[ENTRIES SUPPLIED Boundary: Start]

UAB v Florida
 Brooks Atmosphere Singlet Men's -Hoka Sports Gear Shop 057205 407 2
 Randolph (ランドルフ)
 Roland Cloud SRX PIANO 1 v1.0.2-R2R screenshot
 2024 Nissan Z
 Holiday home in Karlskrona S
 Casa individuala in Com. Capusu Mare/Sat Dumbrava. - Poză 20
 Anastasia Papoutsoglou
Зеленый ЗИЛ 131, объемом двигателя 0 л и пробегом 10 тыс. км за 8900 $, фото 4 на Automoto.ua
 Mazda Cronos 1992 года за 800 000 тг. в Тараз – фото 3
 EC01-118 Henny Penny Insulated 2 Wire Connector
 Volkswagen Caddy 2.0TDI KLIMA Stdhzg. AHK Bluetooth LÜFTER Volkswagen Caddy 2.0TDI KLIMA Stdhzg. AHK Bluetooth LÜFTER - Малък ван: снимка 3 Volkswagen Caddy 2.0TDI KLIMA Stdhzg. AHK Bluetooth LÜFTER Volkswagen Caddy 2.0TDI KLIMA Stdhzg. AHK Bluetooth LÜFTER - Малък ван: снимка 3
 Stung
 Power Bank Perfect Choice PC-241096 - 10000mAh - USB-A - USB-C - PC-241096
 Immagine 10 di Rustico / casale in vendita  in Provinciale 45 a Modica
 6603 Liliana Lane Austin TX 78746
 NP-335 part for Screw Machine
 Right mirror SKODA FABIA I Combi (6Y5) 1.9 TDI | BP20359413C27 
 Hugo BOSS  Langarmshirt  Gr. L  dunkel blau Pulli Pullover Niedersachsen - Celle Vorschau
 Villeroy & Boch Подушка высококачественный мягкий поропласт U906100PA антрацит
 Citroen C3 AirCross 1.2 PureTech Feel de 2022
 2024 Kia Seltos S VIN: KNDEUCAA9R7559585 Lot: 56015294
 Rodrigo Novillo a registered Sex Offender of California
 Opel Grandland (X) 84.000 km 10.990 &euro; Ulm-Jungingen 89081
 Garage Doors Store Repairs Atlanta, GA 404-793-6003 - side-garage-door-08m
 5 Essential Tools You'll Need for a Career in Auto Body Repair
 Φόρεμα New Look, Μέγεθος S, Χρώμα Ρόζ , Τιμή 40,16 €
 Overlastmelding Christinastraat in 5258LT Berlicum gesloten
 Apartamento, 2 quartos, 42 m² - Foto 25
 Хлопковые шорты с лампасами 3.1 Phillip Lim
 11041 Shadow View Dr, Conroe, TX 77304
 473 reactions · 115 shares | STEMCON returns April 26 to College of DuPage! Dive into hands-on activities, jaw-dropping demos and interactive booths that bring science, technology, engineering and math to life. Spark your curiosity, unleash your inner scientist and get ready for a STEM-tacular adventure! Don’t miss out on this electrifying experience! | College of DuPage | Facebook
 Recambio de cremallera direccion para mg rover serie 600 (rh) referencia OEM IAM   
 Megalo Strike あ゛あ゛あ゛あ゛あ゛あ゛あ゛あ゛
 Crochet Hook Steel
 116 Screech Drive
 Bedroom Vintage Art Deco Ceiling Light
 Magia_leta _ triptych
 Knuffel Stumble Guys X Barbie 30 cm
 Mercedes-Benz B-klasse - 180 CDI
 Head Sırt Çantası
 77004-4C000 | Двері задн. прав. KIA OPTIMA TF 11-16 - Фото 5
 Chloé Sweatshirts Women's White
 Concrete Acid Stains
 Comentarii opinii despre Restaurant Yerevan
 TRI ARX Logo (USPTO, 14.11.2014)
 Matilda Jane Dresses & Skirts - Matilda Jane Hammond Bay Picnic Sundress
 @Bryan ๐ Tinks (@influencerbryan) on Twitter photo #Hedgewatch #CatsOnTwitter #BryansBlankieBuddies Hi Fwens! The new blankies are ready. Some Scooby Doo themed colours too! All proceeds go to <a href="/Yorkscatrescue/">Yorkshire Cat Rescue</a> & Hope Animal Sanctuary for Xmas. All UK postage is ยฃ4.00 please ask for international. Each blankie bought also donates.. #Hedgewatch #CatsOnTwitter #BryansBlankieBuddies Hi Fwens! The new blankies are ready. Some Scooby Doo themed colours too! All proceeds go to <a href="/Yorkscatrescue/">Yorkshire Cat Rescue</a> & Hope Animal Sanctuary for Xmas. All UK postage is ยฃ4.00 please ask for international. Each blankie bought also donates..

[ENTRIES SUPPLIED Boundary: End]

◆ **TRY IT**
The answer is the run of lines above from the line containing "Opel Grandland (X)" through the line containing "5 Essential Tools", copied exactly and alone.

◆ **COMPLETED EXERCISE**
 Opel Grandland (X) 84.000 km 10.990 &euro; Ulm-Jungingen 89081
 Garage Doors Store Repairs Atlanta, GA 404-793-6003 - side-garage-door-08m
 5 Essential Tools You'll Need for a Career in Auto Body Repair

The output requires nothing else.